* Entries provided *
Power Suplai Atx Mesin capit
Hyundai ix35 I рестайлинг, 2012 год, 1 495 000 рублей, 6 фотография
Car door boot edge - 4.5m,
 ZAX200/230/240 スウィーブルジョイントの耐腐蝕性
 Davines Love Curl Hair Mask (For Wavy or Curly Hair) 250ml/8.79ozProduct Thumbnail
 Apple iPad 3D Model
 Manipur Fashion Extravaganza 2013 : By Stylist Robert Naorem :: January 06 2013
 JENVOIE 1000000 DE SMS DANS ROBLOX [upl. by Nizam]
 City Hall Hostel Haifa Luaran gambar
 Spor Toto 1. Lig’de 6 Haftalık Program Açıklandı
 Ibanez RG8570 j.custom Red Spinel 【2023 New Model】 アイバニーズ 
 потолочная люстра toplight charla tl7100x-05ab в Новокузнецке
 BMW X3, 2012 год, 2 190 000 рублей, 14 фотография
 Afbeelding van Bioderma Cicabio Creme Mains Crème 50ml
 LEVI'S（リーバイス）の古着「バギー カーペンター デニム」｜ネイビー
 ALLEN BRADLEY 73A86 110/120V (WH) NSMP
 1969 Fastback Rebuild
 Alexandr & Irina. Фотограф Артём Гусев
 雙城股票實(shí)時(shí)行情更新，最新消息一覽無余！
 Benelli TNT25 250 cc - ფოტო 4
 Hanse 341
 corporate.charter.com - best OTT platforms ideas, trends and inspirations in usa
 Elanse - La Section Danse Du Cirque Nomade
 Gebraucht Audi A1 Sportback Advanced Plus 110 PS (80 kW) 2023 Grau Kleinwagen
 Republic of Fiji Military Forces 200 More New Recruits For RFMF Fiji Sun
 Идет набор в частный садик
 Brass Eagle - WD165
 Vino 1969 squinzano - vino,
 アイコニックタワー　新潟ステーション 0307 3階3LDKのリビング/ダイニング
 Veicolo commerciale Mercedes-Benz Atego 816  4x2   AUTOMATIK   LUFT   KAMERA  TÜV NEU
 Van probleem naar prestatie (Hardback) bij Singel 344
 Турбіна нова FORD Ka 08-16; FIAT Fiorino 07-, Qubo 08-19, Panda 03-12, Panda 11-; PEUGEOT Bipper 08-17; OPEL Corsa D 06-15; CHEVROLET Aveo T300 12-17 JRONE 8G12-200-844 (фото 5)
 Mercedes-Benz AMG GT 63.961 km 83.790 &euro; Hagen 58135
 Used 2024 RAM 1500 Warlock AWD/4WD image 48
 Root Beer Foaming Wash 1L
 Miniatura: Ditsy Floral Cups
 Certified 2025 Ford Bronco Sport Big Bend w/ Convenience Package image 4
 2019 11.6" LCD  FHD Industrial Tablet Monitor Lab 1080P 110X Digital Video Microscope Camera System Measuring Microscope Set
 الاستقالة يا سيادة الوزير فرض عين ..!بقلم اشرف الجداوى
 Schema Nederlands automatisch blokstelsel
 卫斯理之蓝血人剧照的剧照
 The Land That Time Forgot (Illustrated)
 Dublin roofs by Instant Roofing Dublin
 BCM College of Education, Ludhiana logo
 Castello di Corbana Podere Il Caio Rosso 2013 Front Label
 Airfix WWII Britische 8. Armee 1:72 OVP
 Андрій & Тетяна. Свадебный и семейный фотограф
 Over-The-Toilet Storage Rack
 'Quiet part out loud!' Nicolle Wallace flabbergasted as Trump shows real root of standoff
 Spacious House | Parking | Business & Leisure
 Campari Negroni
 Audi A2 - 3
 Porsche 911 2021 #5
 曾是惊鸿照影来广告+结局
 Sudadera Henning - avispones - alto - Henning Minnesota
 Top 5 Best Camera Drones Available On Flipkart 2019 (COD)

* Your objective *
Starting at the line that contains "Elanse - La Section Danse Du Cirque Nomade", write out every line through the end of the entries, exactly and with nothing added.

* Output of the exercise *
 Elanse - La Section Danse Du Cirque Nomade
 Gebraucht Audi A1 Sportback Advanced Plus 110 PS (80 kW) 2023 Grau Kleinwagen
 Republic of Fiji Military Forces 200 More New Recruits For RFMF Fiji Sun
 Идет набор в частный садик
 Brass Eagle - WD165
 Vino 1969 squinzano - vino,
 アイコニックタワー　新潟ステーション 0307 3階3LDKのリビング/ダイニング
 Veicolo commerciale Mercedes-Benz Atego 816  4x2   AUTOMATIK   LUFT   KAMERA  TÜV NEU
 Van probleem naar prestatie (Hardback) bij Singel 344
 Турбіна нова FORD Ka 08-16; FIAT Fiorino 07-, Qubo 08-19, Panda 03-12, Panda 11-; PEUGEOT Bipper 08-17; OPEL Corsa D 06-15; CHEVROLET Aveo T300 12-17 JRONE 8G12-200-844 (фото 5)
 Mercedes-Benz AMG GT 63.961 km 83.790 &euro; Hagen 58135
 Used 2024 RAM 1500 Warlock AWD/4WD image 48
 Root Beer Foaming Wash 1L
 Miniatura: Ditsy Floral Cups
 Certified 2025 Ford Bronco Sport Big Bend w/ Convenience Package image 4
 2019 11.6" LCD  FHD Industrial Tablet Monitor Lab 1080P 110X Digital Video Microscope Camera System Measuring Microscope Set
 الاستقالة يا سيادة الوزير فرض عين ..!بقلم اشرف الجداوى
 Schema Nederlands automatisch blokstelsel
 卫斯理之蓝血人剧照的剧照
 The Land That Time Forgot (Illustrated)
 Dublin roofs by Instant Roofing Dublin
 BCM College of Education, Ludhiana logo
 Castello di Corbana Podere Il Caio Rosso 2013 Front Label
 Airfix WWII Britische 8. Armee 1:72 OVP
 Андрій & Тетяна. Свадебный и семейный фотограф
 Over-The-Toilet Storage Rack
 'Quiet part out loud!' Nicolle Wallace flabbergasted as Trump shows real root of standoff
 Spacious House | Parking | Business & Leisure
 Campari Negroni
 Audi A2 - 3
 Porsche 911 2021 #5
 曾是惊鸿照影来广告+结局
 Sudadera Henning - avispones - alto - Henning Minnesota
 Top 5 Best Camera Drones Available On Flipkart 2019 (COD)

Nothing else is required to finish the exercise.